Peers puts it like this: the Dublin rules set out out where asylum seekers should apply for asylum; but that’s not the same as a legal requirement to apply in a certain country. 

So what's the impact of Brexit?  Well the UN convention and the ECHR rules will still apply after December but the Dublin rules will not.  So, when Johnson told TV viewers that it will be easier to return illegal migrants after Brexit he was being premature, if not wholly wrong as he so often is.

It's still possible there will be an agreement of some kind to replace the rules but that can't be guaranteed and France is no doubt quite happy to see the migrants leave French territory, regardless of what politicians say in public.

Peers says the EU has signed Dublin ‘association agreements’ with some non-EU countries – Norway, Iceland, Switzerland and Liechtenstein – the rationale for this is that those countries are also associated with the EU’s Schengen system. In practice, the UK has tabled proposals for treaties on readmission of people and unaccompanied minors, which would replace aspects of the Dublin system, but the EU proposals do not so far deal with this issue. And Johnson and Farage should note this:

"The notion that those intercepted in the Channel or detected after crossing the Channel could be forcibly returned to France without that country’s consent is a non-starter (as is patrolling French territorial waters without consent). The referendum result is not a mandate to ‘take back control’ of a different country – least of all a country which English forces were booted out of in 1453. Comparisons to Australian policy miss the point: that country intercepts asylum seekers in international waters, and obtains the consent of the country or territory which it sends asylum seekers to."

As some commentators have already noted there is no "international waters" between the UK and France. On leaving French waters you immediately enter British waters so the idea we can intercept immigrants on the high seas is out of the question.  

Peers also notes that British immigration officials will still be allowed to operate on French soil by virtue of the Le Touquet treaty after Brexit but while these border controls provide some links to asylum responsibility they are not a full asylum responsibility system as such. In particular these treaties have no direct impact on people who evade controls by crossing the Channel on boats without authorisation, he says.

So, the conclusion he comes to is that "for one category of non-EU citizens – asylum-seekers whose application would be the responsibility of another country under the Dublin rules – the effect of Brexit may be ultimately to reduce UK control of migration, not increase it."

Not for the first time we see the result of not properly thinking Brexit through. IDS claimed a few days ago that the supposed £166 billion in European Investment Bank guarantees were hidden in the small print.  Now we see the same thing on immigration.

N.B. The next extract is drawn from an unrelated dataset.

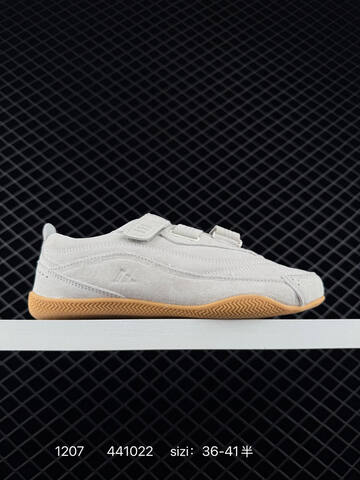 Other AdidasURBAN REVERIE 80 CHAMPION Lifestyle (BS-77073)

You cannot tear down what has taken 45 years to build overnight without a lot of detailed analysis and thinking and a comprehensive plan. But with Brexit we are making it all up as we go along and I think the sheer ignorance and incompetence is what other countries find baffling.

It is as if the problems of our education system, building for fifty years, have finally been outed to reveal a toxic combination of a gullible electorate and useless politicians.

I note Dr North at the EU Referendum blog has posted on the same topic this morning, although I prefer the blog of professor Peers who is a legal expert. North relies for his closing argument about the safe country "concept" on a web page from 1991 which I think says it all. In a court of law, national or international they use laws not concepts and having spent his life arguing for Brexit, North is trying to distance himself from the disaster - as he has been doing since June 2016.